The SLP against this order was dismissed by the Hon’ble Supreme Court.

3. In one another case, M/s DHL Express India Pvt. Ltd. Vs Commissioner of Service Tax-2021-TIOL-1830-HC-KAR-CUS, the Hon’ble jurisdictional High Court again dealt with the same situation and after analyzing Section 27 of the Customs Act vis-à-vis various case laws, has held as under:

“14. In the considered opinion of this Court, in the light of the judgment of Mafatlal Industries Ltd. (supra), wherein it has been categorically held that for refund of the amount, the duty paid without authority of law, the refund provisions under Section 27 of the said Act of 1962 are not applicable and the limitation applicable is in terms of the Limitation Act and not one year specified under Section 27 of the said Act of 1962.

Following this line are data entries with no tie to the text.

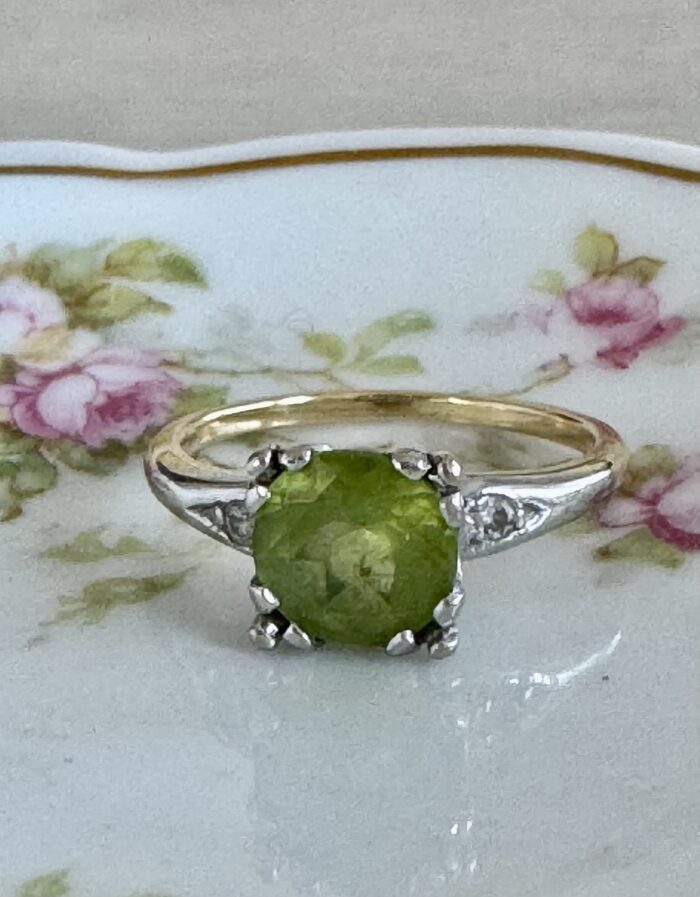 Vintage Peridot Art Deco Ring - Image 4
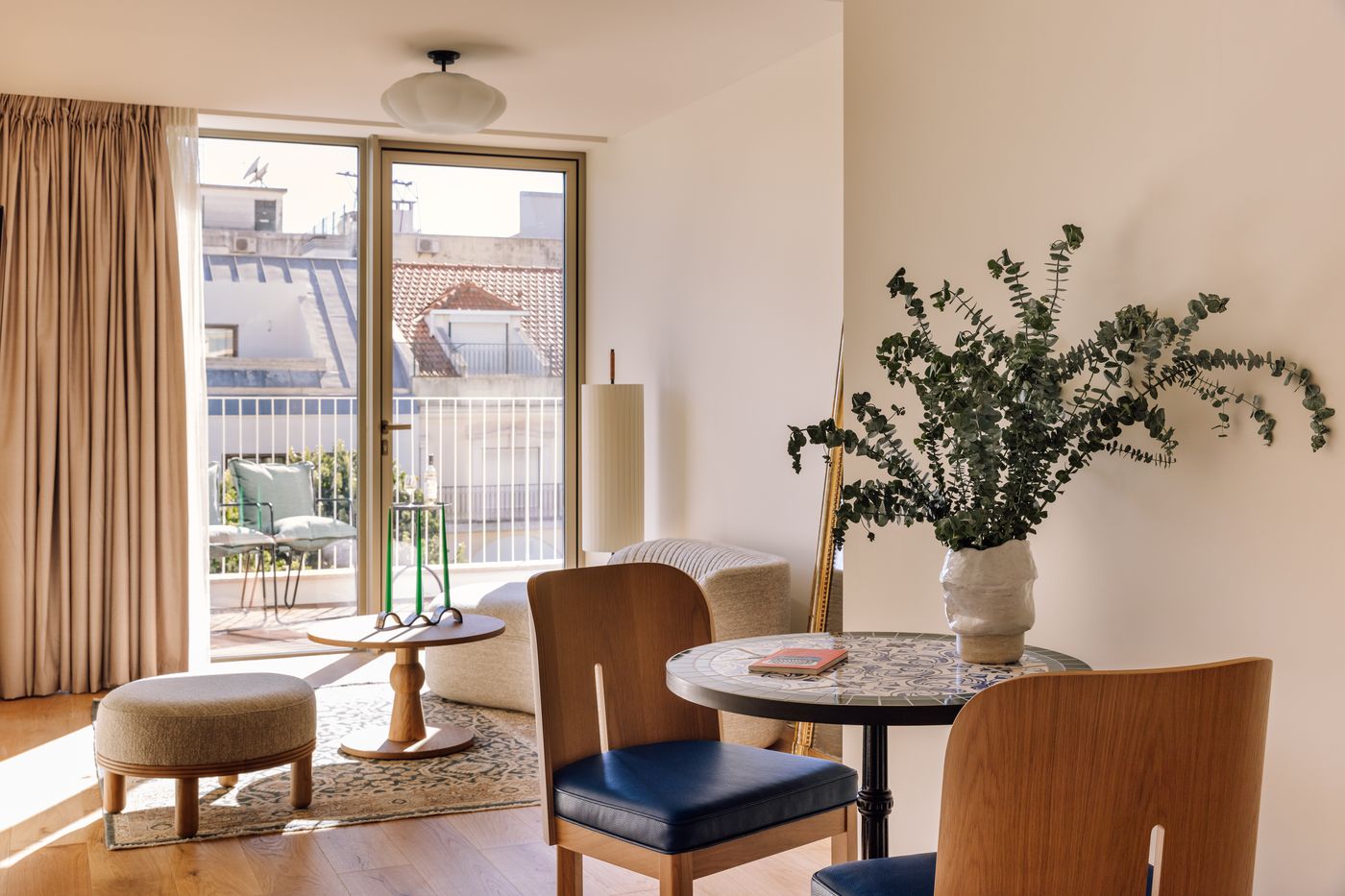 Locke-De-Santa-Joana-Room-1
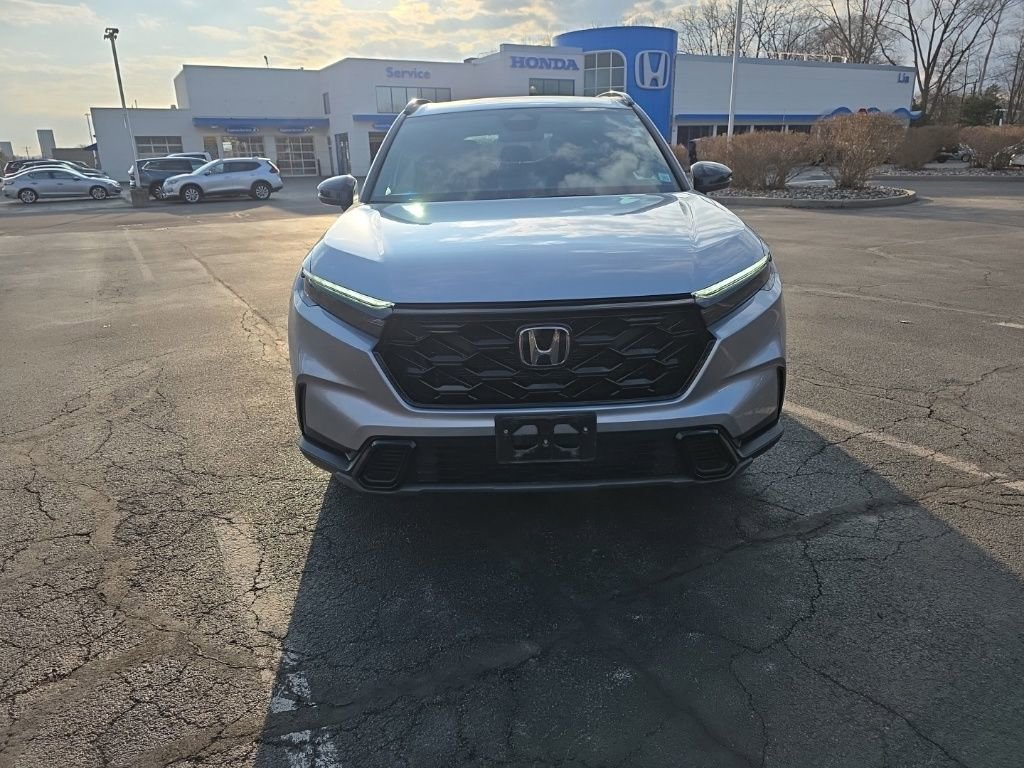 Used 2023 Honda CR-V LX image 2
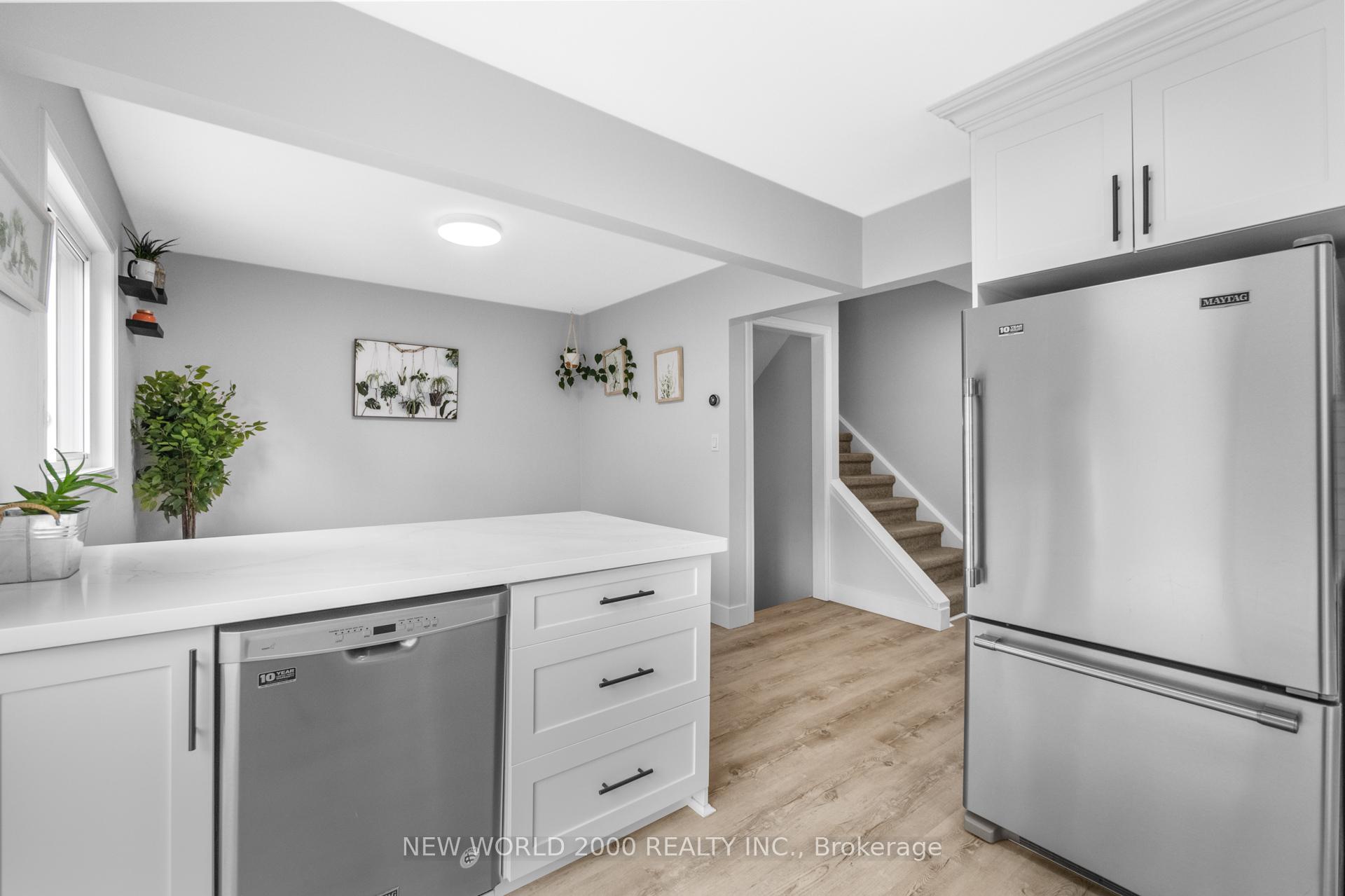Photo 19 of 160 Bechtel Drive, Kitchener — HOMEH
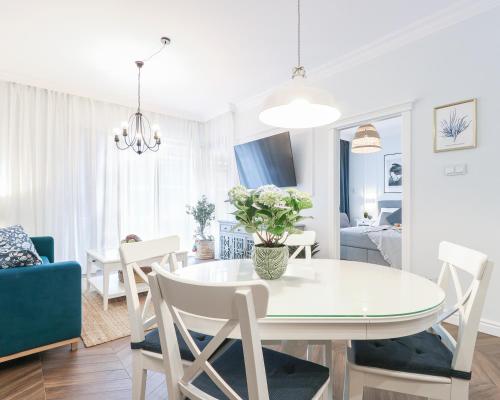 Χώρος καθιστικού στο Azure Apartment by Baltic Home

15. In the present case, duty of customs payable on the transaction in question under the statute is Rs.4,743/-, which has been admitted by the respondent and on account of erroneous calculation, the duty has been paid in excess to the tune of Rs.42,26,975/-. The Authorities have turned down the claim of appellant on the ground of limitation. The claim of the appellant could have been corrected and the Tribunal has erred in observing that the payment of excess duty requires to be rectified under Section 154 of the said Act of 1962. The Authorities ought to have refunded the said excess amount to the appellant Company either upon their application or on an application made by the importer. In the case of Mafatlal Industries Ltd. (supra), it has been held that in order to claim excess duty paid, which falls outside the purview of the said Act of 1962, the limitation provided under Section 27 is not applicable. Hence, the appellant-company is certainly entitled for refund of duty.

…..

17. In the light of the law laid down by the Hon’ble Supreme Court and the other High Courts keeping in view the peculiar facts and circumstances of the case, it is crystal clear that when the customs duty is paid in excess, the department is liable to refund the same and the limitation provided under Section 27 of the said Act of 1962 will not be applicable. Therefore, the Tribunal has erred in law and fact, solely relying on Section 27 of the said Act of 1962 while dismissing the application of the appellant-Company.”

4. Keeping in view of the settled legal position, I do not find any justification in the reasons adopted for rejection of the refund claim by the lower authorities and hence, the impugned order is not sustainable in the eye of law. Therefore, the impugned order is set aside and the appeal is allowed with consequential benefits, if any, as per law.